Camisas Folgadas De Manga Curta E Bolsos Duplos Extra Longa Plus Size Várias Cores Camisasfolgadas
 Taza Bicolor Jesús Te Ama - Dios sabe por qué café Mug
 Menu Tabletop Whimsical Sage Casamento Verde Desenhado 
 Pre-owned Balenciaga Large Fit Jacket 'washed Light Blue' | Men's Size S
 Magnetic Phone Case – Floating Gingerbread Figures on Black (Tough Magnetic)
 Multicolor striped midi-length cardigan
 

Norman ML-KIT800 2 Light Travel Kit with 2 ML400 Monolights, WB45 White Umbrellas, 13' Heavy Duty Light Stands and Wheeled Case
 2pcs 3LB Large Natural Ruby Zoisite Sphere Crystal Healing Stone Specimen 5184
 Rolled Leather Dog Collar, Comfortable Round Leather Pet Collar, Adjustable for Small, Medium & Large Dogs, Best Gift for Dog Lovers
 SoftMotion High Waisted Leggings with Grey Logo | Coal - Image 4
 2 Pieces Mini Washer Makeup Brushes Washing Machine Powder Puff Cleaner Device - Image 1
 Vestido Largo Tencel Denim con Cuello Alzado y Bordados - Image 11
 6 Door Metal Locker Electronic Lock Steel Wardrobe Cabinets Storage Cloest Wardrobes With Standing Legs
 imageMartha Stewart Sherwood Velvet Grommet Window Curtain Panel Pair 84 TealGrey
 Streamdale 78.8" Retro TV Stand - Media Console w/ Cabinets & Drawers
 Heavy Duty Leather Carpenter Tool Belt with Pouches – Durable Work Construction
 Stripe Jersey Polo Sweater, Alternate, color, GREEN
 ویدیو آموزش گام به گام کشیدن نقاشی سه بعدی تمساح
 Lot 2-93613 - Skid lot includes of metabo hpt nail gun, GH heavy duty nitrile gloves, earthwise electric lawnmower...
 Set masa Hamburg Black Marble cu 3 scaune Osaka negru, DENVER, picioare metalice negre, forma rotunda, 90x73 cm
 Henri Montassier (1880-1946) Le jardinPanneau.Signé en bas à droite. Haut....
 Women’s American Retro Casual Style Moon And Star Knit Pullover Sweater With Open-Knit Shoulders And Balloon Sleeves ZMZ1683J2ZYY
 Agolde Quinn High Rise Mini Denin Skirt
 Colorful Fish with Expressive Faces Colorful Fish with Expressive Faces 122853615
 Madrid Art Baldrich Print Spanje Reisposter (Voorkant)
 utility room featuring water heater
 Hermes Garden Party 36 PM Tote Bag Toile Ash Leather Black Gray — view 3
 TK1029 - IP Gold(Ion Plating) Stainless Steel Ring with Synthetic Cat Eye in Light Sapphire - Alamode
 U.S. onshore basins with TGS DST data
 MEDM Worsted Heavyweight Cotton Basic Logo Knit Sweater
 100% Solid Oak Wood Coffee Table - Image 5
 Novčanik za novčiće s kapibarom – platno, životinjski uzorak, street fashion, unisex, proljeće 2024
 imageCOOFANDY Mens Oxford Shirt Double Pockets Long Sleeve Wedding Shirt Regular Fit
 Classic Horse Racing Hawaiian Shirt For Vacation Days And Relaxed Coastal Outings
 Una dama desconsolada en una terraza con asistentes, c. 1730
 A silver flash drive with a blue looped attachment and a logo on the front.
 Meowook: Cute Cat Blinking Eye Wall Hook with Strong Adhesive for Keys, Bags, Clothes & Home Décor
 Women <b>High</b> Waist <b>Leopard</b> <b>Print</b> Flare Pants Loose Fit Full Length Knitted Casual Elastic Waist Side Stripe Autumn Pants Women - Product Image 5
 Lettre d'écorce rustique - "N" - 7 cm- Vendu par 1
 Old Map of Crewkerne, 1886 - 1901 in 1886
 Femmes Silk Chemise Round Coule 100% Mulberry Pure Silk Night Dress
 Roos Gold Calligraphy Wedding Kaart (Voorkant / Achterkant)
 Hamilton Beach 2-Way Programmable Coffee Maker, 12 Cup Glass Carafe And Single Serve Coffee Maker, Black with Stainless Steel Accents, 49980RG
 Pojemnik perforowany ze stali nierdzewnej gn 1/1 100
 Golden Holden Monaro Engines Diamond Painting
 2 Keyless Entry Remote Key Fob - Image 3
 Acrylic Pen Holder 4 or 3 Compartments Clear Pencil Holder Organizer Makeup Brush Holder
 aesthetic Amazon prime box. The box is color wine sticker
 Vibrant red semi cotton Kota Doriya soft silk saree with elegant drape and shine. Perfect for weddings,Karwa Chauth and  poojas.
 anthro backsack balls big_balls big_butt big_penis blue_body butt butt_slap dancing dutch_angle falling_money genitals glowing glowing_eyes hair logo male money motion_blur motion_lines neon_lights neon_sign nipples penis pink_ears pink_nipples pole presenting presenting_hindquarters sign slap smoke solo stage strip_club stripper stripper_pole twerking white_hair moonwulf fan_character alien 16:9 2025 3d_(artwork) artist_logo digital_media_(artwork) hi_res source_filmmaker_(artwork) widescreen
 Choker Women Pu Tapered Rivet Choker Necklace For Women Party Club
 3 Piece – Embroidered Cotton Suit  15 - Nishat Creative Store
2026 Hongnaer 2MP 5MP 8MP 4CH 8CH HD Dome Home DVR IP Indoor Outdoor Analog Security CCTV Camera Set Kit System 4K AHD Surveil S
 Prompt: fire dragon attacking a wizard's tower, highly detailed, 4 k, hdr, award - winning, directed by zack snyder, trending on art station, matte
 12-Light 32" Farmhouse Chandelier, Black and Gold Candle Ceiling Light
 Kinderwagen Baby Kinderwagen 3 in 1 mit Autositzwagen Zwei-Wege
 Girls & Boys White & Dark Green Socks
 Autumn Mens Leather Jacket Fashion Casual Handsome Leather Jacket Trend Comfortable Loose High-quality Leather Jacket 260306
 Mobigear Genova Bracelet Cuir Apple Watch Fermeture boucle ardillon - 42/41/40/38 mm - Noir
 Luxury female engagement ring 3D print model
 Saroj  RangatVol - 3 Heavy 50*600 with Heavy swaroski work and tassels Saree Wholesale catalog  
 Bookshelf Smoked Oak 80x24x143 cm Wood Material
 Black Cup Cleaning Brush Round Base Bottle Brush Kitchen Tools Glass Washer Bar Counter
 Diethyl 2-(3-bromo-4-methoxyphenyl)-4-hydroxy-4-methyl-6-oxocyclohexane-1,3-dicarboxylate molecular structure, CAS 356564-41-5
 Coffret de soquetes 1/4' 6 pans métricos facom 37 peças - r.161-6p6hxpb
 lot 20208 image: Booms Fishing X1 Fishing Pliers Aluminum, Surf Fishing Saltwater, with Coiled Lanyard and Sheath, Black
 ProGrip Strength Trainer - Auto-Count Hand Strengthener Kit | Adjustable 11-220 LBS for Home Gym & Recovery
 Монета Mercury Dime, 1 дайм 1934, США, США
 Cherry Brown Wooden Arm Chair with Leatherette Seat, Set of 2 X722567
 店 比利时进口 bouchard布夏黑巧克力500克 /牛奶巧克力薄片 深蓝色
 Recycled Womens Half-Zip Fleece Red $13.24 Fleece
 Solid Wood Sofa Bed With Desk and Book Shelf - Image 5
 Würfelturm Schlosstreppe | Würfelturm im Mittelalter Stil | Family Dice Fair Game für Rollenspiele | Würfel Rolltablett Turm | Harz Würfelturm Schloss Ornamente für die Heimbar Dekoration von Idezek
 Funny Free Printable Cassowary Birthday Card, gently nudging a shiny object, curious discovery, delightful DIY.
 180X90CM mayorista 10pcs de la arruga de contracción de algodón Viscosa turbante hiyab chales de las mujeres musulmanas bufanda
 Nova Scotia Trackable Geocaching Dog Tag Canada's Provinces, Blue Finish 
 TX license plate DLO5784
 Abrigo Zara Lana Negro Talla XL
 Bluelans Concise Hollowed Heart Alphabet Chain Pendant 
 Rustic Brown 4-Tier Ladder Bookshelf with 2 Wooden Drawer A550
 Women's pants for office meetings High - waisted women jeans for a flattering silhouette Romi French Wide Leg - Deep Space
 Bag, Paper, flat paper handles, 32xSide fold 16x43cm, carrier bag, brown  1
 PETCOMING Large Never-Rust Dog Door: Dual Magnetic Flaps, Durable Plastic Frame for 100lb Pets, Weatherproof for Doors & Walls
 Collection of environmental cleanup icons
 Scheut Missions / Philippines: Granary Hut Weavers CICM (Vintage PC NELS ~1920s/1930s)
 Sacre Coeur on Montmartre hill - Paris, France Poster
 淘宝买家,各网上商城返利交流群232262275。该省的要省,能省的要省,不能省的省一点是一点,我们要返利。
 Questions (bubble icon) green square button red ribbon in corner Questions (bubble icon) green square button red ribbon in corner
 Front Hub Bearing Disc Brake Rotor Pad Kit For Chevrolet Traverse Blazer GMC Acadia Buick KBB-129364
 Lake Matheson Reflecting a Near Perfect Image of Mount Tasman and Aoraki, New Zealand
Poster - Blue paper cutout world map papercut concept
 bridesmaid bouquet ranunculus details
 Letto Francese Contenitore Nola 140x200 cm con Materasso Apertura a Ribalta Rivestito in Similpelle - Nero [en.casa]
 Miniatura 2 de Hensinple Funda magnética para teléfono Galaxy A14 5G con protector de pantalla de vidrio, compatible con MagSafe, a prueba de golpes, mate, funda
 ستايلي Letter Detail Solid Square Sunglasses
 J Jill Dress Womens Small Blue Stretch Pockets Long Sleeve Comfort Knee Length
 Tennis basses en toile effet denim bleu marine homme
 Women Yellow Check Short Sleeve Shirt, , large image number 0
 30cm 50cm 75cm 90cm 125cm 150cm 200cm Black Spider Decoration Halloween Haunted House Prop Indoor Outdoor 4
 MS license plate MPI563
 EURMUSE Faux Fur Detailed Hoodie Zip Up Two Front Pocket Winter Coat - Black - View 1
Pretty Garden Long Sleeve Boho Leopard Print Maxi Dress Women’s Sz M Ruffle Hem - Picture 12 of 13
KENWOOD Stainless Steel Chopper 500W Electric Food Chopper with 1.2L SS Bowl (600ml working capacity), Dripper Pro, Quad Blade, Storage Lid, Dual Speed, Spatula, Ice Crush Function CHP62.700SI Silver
======
* [Task statement] Give the exact lines, and only those, from the line containing "Menu Tabletop Whimsical" through the line containing "Cabinets & Drawers" in the entries above.

* [Solution to this exercise]
 Menu Tabletop Whimsical Sage Casamento Verde Desenhado 
 Pre-owned Balenciaga Large Fit Jacket 'washed Light Blue' | Men's Size S
 Magnetic Phone Case – Floating Gingerbread Figures on Black (Tough Magnetic)
 Multicolor striped midi-length cardigan
 

Norman ML-KIT800 2 Light Travel Kit with 2 ML400 Monolights, WB45 White Umbrellas, 13' Heavy Duty Light Stands and Wheeled Case
 2pcs 3LB Large Natural Ruby Zoisite Sphere Crystal Healing Stone Specimen 5184
 Rolled Leather Dog Collar, Comfortable Round Leather Pet Collar, Adjustable for Small, Medium & Large Dogs, Best Gift for Dog Lovers
 SoftMotion High Waisted Leggings with Grey Logo | Coal - Image 4
 2 Pieces Mini Washer Makeup Brushes Washing Machine Powder Puff Cleaner Device - Image 1
 Vestido Largo Tencel Denim con Cuello Alzado y Bordados - Image 11
 6 Door Metal Locker Electronic Lock Steel Wardrobe Cabinets Storage Cloest Wardrobes With Standing Legs
 imageMartha Stewart Sherwood Velvet Grommet Window Curtain Panel Pair 84 TealGrey
 Streamdale 78.8" Retro TV Stand - Media Console w/ Cabinets & Drawers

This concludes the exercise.